# anythoughts on Milwaukee 5616-24 as first ever router



## tryingtokeepmyfingers (Jun 3, 2008)

ok I have looked around here and all over the web and I think i have chosen the Milwaukee 5616-24 as my first router none network that is LOL 
i still have not figured out what kind of table to put it in but know I will use it in a table more then out.

so does this seem like a good choice ?
any other advice ?
thanks


----------



## garycurtis (Sep 17, 2007)

I bought the 5616-20 to use in my tablesaw extension. I bought it after the recommendation of the folks at WoodHaven. They like it because of the 'above-table' adjustability, thus eliminating the need of a router lift ( at $200+).

It falls a little short in that you can't exchange bits above the table. Reaching down under is a drag. 

When I hefted the Milwaukee, I got enthusiastic about the Body Grip design, and thought I would use it for portable router use. A number of folks on this and another forum discouraged me from that and so I bought a Festool to use off the table. Their rationale was that I would really get tired of removing and then replacing the Milwaukee in the router table. 

As a router, it is quite nice. I don't use monstrous bits, so there isn't ever a lack of power. Mine is enclosed in a Jointech dust cabinet, so it is relatively quiet and clean at all times. A review in Fine Woodworking magazine of routers used in tables liked most of the features on the Milwaukee, but criticized the awkward switch location.

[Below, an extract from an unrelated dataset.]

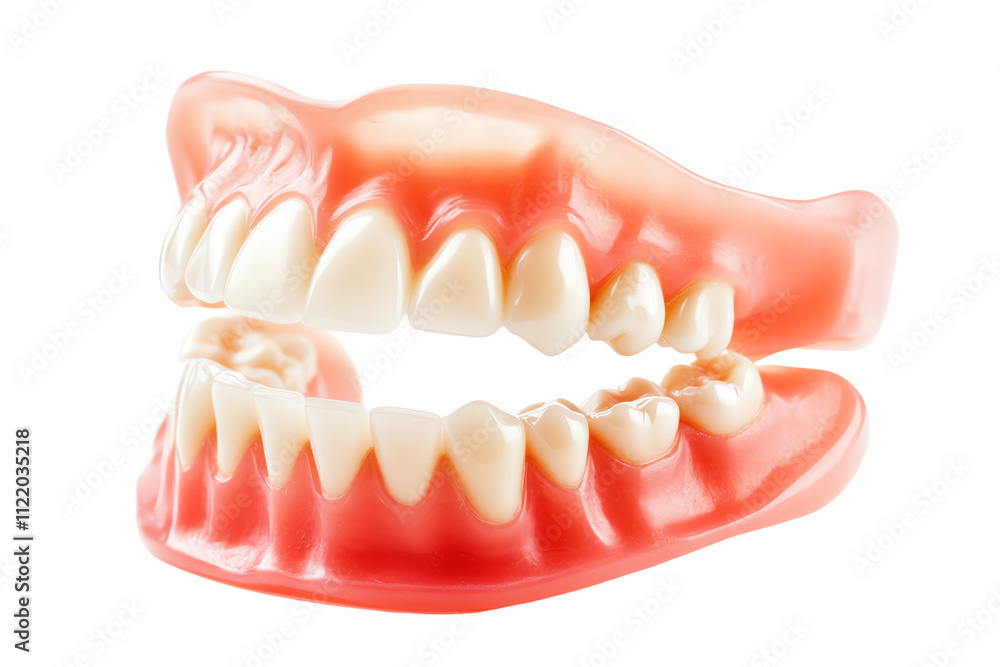 Fototapeta premium Realistic model of dental prosthetics showcasing upper and lower teeth, ideal for educational and dental practice use.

I circumvented that concern with a remote switch ($15), an item necessary because of the dust cabinet and because it automatically triggers the dust collectors.

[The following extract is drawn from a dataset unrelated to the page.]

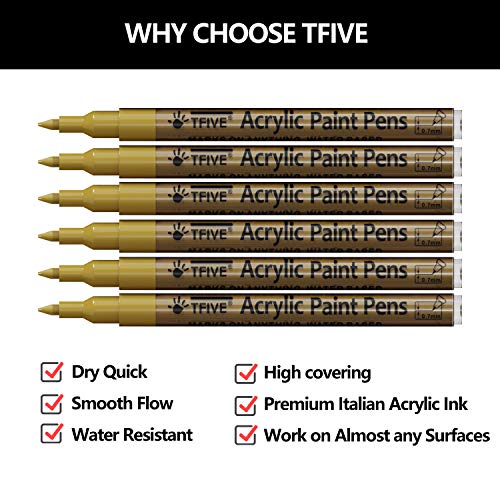 Acrylic Gold Paint Pens - 6 Pack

If you are not in a hurry, watch for the sales on Amazon.com. I got mine for $150 from them. The 5616-24 is a bit more, but you want the plunge base that it comes with. Seems like a good deal.

Gary Curtis


----------



## tryingtokeepmyfingers (Jun 3, 2008)

thanks for the feedback. I had already ordered it before I got your reply but now i at least know a couple things from your use so not to frustrate me upon my first attemps


----------



## LeeC (Apr 19, 2006)

I have he 1 3/4 hp. Milwaukee router. I have been very pleased with it. I have used it as a hand-held with no problems. I just discovered that the hole pattern on the base is the same as Porter Cable, so I plan to use it in my table now.


----------



## Mike (Nov 22, 2004)

Milwaukee builds quality tools, you should be happy with your purchase. Be sure to tell us your thoughts after using it for a while.


----------